According to the statement, the Komen Foundation will amending its policy to clarify that it will only bar funding for organizations under investigation if that investigation is “criminal and conclusive in nature and not political.”
The policy change doesn’t guarantee the Komen Foundation will continue to fund Planned Parenthood’s cancer prevention efforts. During a conference call on Thursday, Brinker suggested that in addition to the congressional investigation, Komen cut ties with Planned Parenthood because they provide “pass-through” services, like clinical exams, rather than mammograms.
As of Thursday afternoon, 26 Democratic senators had attached their names to a letter urging Komen to reverse the decision. Meanwhile, Planned Parenthood had created a Breast Health Fund which collected more than $3 million in donations from thousands of people in only three days.

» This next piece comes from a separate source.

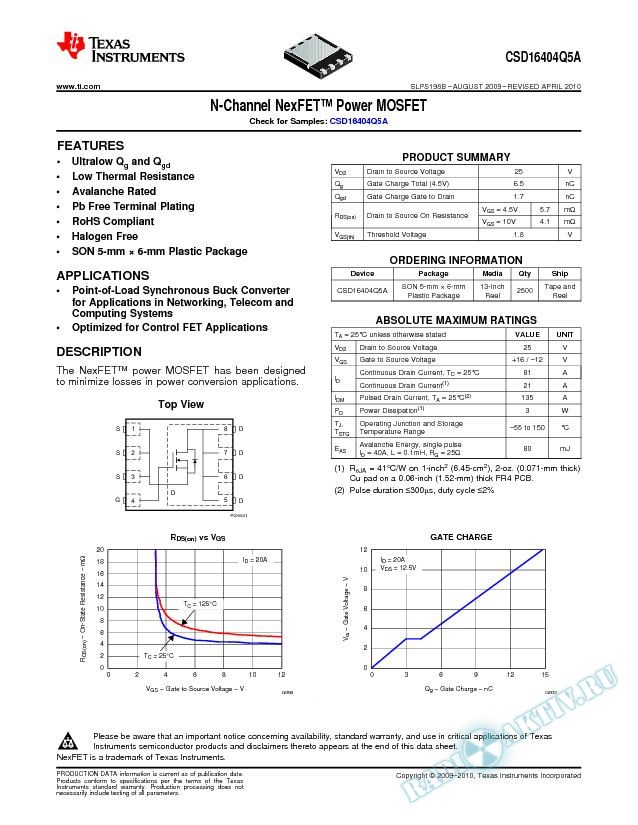 N-Channel NexFET Power MOSFET, CSD16404Q5A (Rev. B)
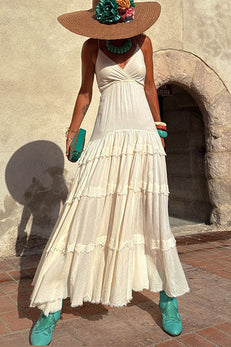 Spaghetti Strap V Neck Backless Lace-up Ruffle Tiered Maxi Dress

Planned Parenthood President Cecile Richards in a statement. “In recent weeks, the treasured relationship between the Susan G. Komen for the Cure Foundation and Planned Parenthood has been challenged, and we are now heartened that we can continue to work in partnership toward our shared commitment to breast health for the most underserved women. We are enormously grateful that the Komen Foundation has clarified its grantmaking criteria, and we look forward to continuing our partnership with Komen partners, leaders and volunteers.”
Richards added, “The outpouring of support for women in need of lifesaving breast cancer screening this week has been astonishing and is a testament to our nation’s compassion and sincerity. … What these past few days have demonstrated is the deep resolve all Americans share in the fight against cancer, and we honor those who are at the helm of this battle.”